Supplied data:
+++

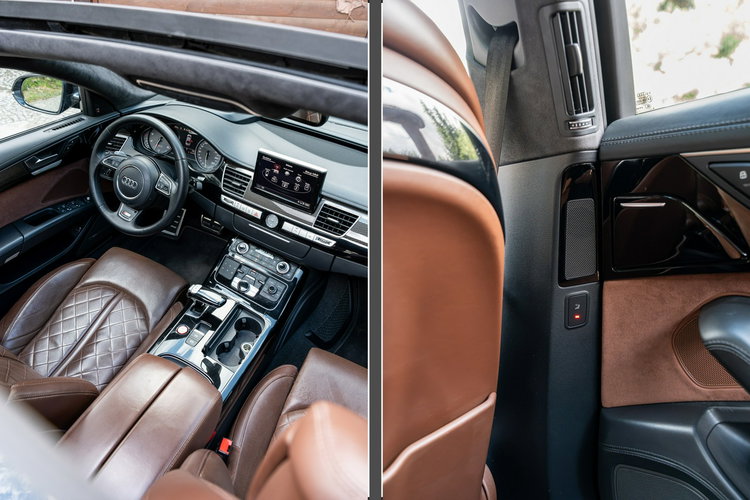 Audi S8 Plus / 4.0 TFSI 605KM / Concaver / Panorama / Masaże / Ceramika / FV zdjęcie 56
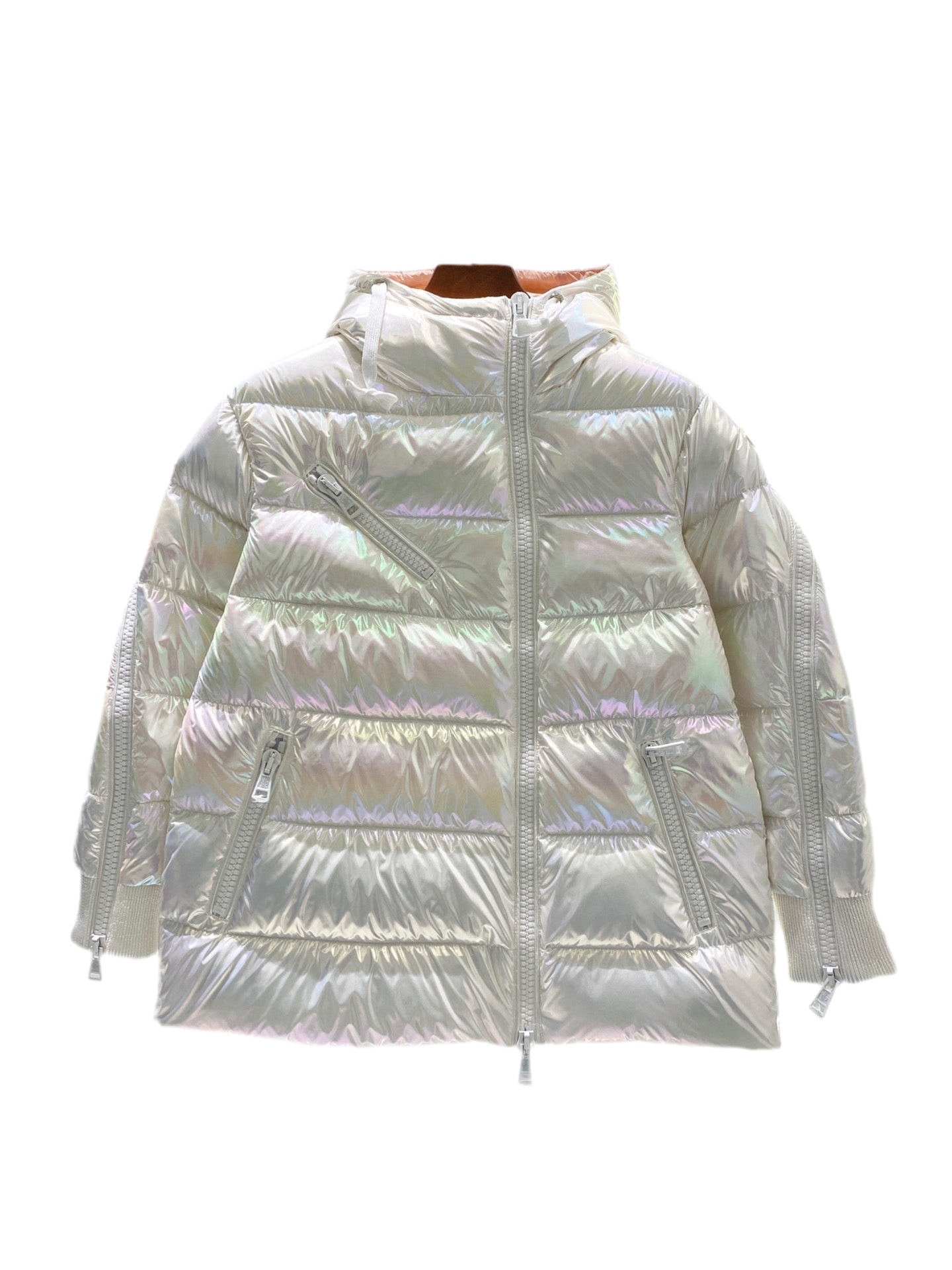 Moncler Zipped Sleves Down Jacket "Iridescent"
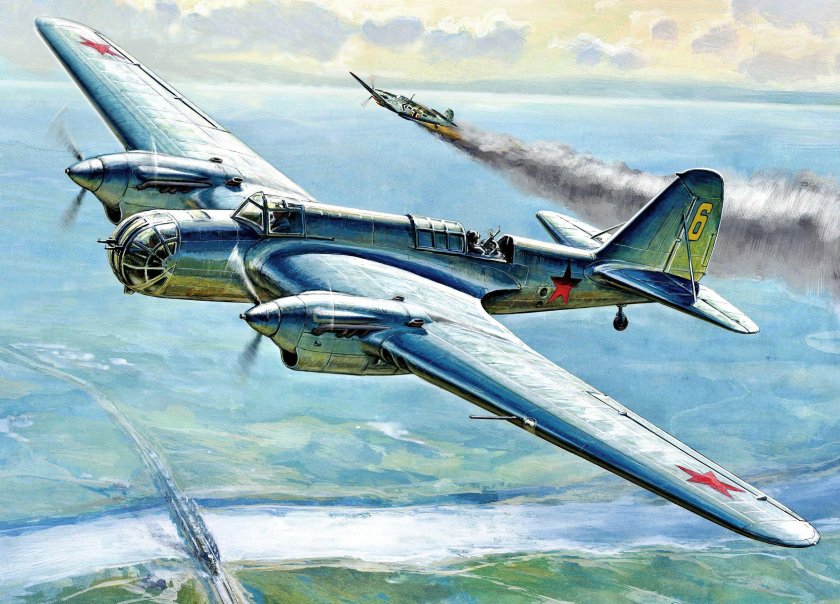 Сб 2 бомбардировщик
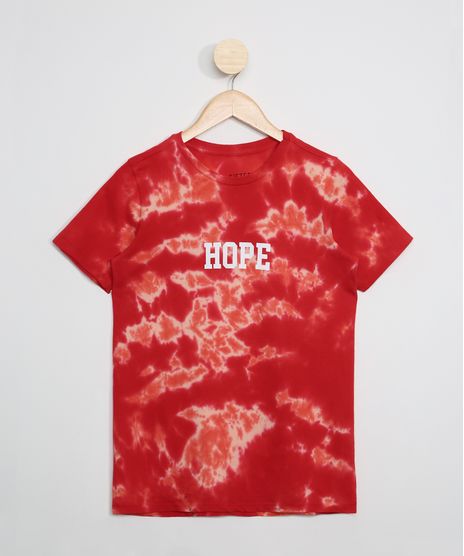Camiseta-Juvenil-Estampada-Tie-Dye--Hope--Manga-Curta-Vermelha-9969694-Vermelho_1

+++

Copy the whole listing exactly, excluding the pictures in it.

 Audi S8 Plus / 4.0 TFSI 605KM / Concaver / Panorama / Masaże / Ceramika / FV zdjęcie 56
 Moncler Zipped Sleves Down Jacket "Iridescent"
 Сб 2 бомбардировщик
Camiseta-Juvenil-Estampada-Tie-Dye--Hope--Manga-Curta-Vermelha-9969694-Vermelho_1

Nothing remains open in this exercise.